Ja, der Schädel war leer. Mehr noch, aus der Tiefe der metallenen Rüstung drang ein wehleidiges Piepsen und Fiepen, und darüber am Himmel schrie wütend der Vogel - offensichtlich hatte er die leere Höhle des Körpers dazu benutzt, sein Nest hineinzubauen. Jetzt bangte er um seine Jungen.

»Das ist seltsam«, murmelte Kim, während er wieder von der Gestalt zurücktrat.

»Was ist seltsam?«

»Dieses Ding.« Kim deutete auf den eisernen Riesen. »Es ist völlig leer.«

»Vielleicht hat ihn jemand aufgefressen«, vermutete Bröckchen. »Und die Schale stehenlassen? Sie sieht ziemlich hart aus.«

Kim lächelte, wurde aber sofort wieder ernst. »Kaum«, sagte er. »An dem, was da drin war, würdest du dir die Zähne ausbeißen.« Er schüttelte den Kopf, trat ein paar Schritte zurück und sah sich nachdenklich um. Erst jetzt fiel ihm auf, im welch sonderbarer Haltung die leere Hülle dastand. Ihr rechter, halb erhobener Arm schien mit ausgestreckten Fingern nach Süden zu deuten - oder waren sie gar nicht ausgestreckt? Eigentlich, überlegte Kim, waren sie eher gespreizt, als wären sie erstarrt, während sie zupackten. Aber was hatte der Riese packen wollen? Etwas, das ihn angriff? Oder das ganze weite Land, das sich vor ihnen ausdehnte? Kim schauderte bei dem Gedanken. Er sah sich weiter um.

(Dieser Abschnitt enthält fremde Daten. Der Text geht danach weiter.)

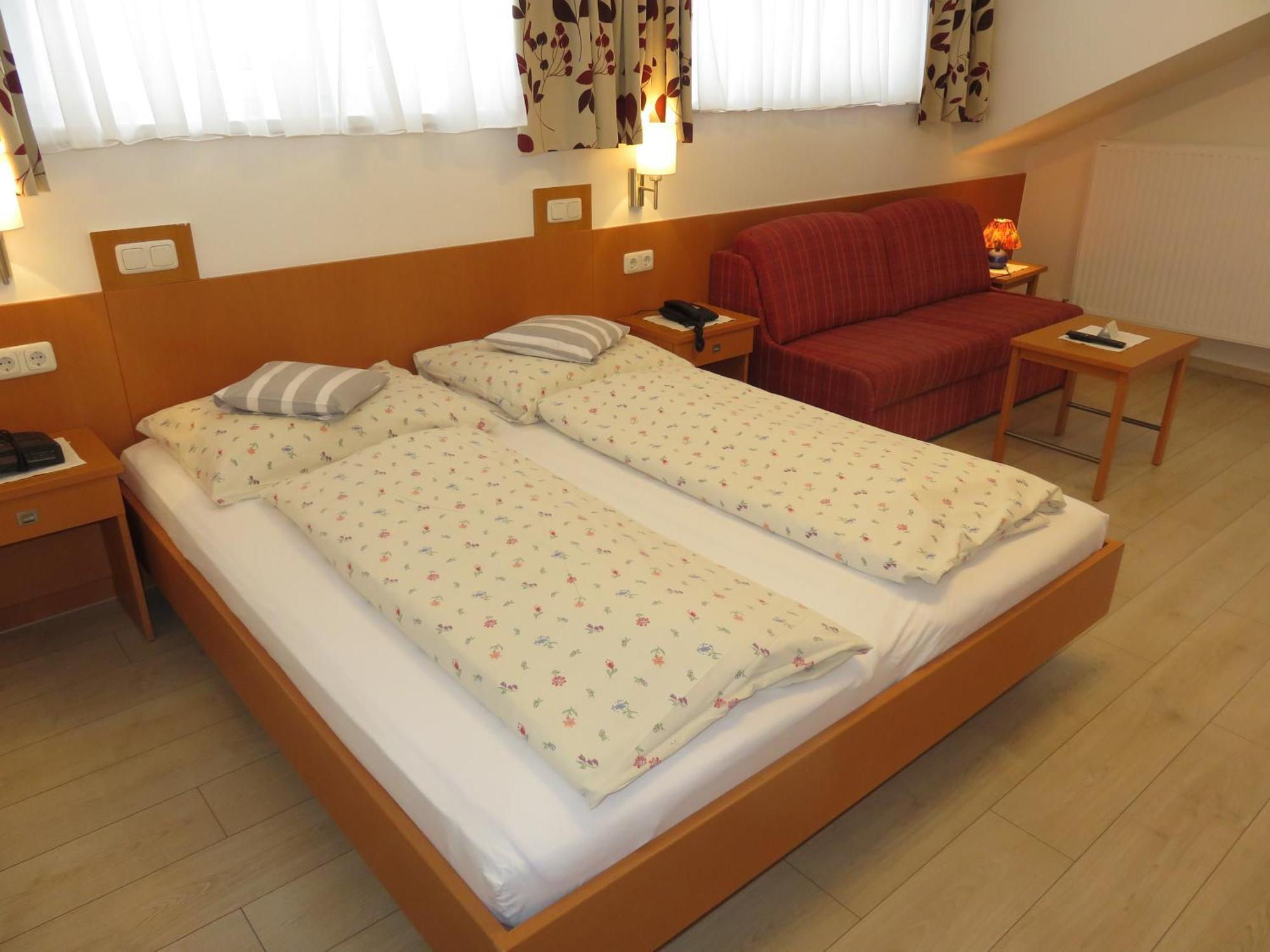 Berg-Panorama-Hof Sturmgut Guest House Hinterstoder Rom bilde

Nach einer Welle entdeckte er einen zweiten, reglosen Schatten, der nicht einmal sehr weit entfernt dastand. Ein weiterer Roboter. Auch er war hohl wie der erste, aber in nicht annähernd so gutem Zustand. Sein Körper wies zahllose, ausgefranste Löcher und gewaltige Dellen auf, ein Arm fehlte, und jemand schien seinen Hohlkopf genommen und damit Fußball gespielt zu haben, denn er lag meterweit entfernt und war vollkommen eingedellt. Und auch dieser war nicht der letzte.

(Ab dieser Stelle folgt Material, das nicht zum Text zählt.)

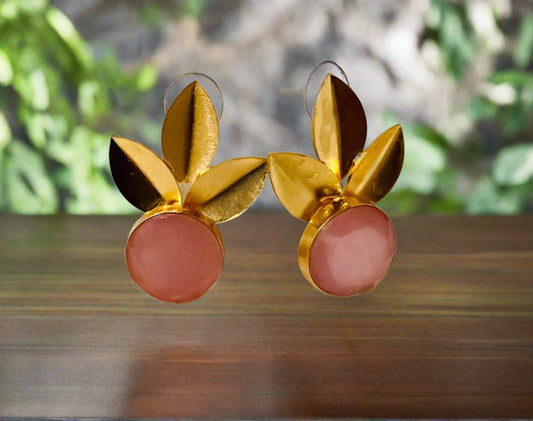 Vintage gold flower earrings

Nachdem sie erst einmal richtig angefangen hatten zu suchen, fanden Bröckchen und Kim fast ein Dutzend der gewaltigen, rostzerfressenen Gestalten, die in der Nähe der Treppe herumstanden und -lagen, zum Teil fast bis zur Unkenntlichkeit zerstört, manche fast unbeschädigt, aber leer und tot. Und das war noch nicht alles. Zwischen den Gestalten lagen Unmassen von Trümmern auf dem Boden - verbogene Eisenstangen, rostige Zahnräder, die jedes größer waren als Kim selbst, Teile von geheimnisvollen Maschinen, deren Funktionen Kim nicht erkennen konnte. Oder einfach zernarbte, kantige Brocken von braunroter Farbe, die bei der leisesten Berührung zu Staub zerkrümelten. Es war, als bewegten sie sich über einen gewaltigen Schrottplatz, der schon vor Jahrhunderten verlassen worden war. Unheimlich, dachte Kim fröstelnd. Er war jetzt froh, daß es immer schneller dunkelte und sie fort mußten. Sie wanderten in Richtung Süden und konnten so dem Tageslicht wenigstens noch eine halbe Stunde folgen.

V

Sie holten den Tag noch einmal ein, als sie aus dem Schatten der Felswand herauskamen. Die Sonne hatte sich in einen roten Feuerball verwandelt, der nurmehr einen Fingerbreit über dem Horizont stand, und die Schatten waren länger geworden. Aber Kim hatte von der Riesentreppe aus aufmerksam die Landschaft unter sich beobachtet und gesehen, daß es ein kleines Gehöft ganz in der Nähe gab. Mit ein wenig Glück konnte er es bis Einbruch der Dunkelheit erreichen; spätestens kurz danach.

Er schritt schnell aus; vielleicht schneller, als nötig gewesen wäre, und es war wohl nicht nur seine Unruhe und die Sehnsucht, endlich Auskunft zu erhalten, die ihn zu dieser Eile trieben. Die Versammlung erstarrter, hohler Eisengestalten und die Anhäufung der rostigen Metallteile hatten ihn erschreckt; und sie verwirrten ihn zutiefst. Sie waren etwas, das einfach nicht in dieses Land paßte; so wenig, wie ein geflügelter Drache in Kims Heimat gepaßt hätte. Und je länger er darüber nachdachte, desto unheimlicher kam ihm auch die gewaltige Treppe an der Felswand vor. Wer in diesem Land sollte eine solche Treppe bauen - und vor allem: warum? Solange und sooft er auch darüber nachdachte, es ergab einfach keinen Sinn. Es wurde wirklich Zeit, daß er Themistokles und seine Freunde wiedersah, um ihnen Fragen zu stellen. Sehr viele Fragen.